For me, they were less expensive than my closest alternative. I paid $13K installed, $11K after the Federal tax credit.  If I’d replaced my dead ground-source heat pump, it would have been $25K, $17.5K net of (a much higher) tax credit.  I picked the contractor based on reputation, on a friend’s recommendation, and on the fact that we were immediately on the same wavelength, regarding a nice, simple installation.

Mine is a three-ton (36000 BTUH) compressor, hooked up to two 1.5 ton heads.  Took a day and a half to install, but the HVAC guy was training a couple of guys, so a one-day install would not have been out of the question if I’d been in a hurry.

These Mitsubishi units will produce heat down to 5F.  Below that, I think they automatically shut off.  At 5F, their heating efficiency will have fallen to the point that they were merely twice as efficient as an electric space heater (COP 2.1), instead of 3.5 times as efficient (COP 3.5) at 47F.

The same company (Mitsubishi) that makes these makes a “hyper heat” compressor that will run at outside temperatures down to -13F, but the outside pieces (the compressors) for those run about twice the cost of a standard compressor, near as I can tell.

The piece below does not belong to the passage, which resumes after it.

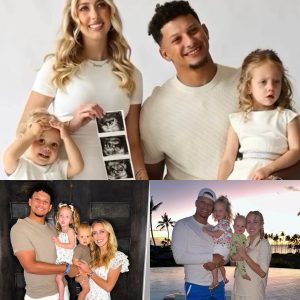 Bronze Cuddles with Pregnant Brittany Mahomes After Baby Announcement: 'You're So Adorable!'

We got a standard unit that’ll only function down to 5 degrees F.  But, thanks to global warming, that should do us, as this decade’s USDA hardiness zone maps bumped us from Zone 7A to 7B, meaning that 5 F is not a bad guess for the lowest temperature we’ll ever see here, ever again.  And if not, the old gas-fired hot water baseboards still work.

On paper, they’re as efficient as any other option I could get, including ground-source heat pumps.  I did an entire post on that earlier (Post #2032).  Once I got up an apples-to-apples comparison, the near-equality was obvious.

For typical winter temperatures around here, these ought to run at around COP 3.5, or, as noted, three-point-five times as efficient as an electric space heater.  In practice, they look like they’re going to do even better than I thought, owing at least to their “inverter” continous-speed technology.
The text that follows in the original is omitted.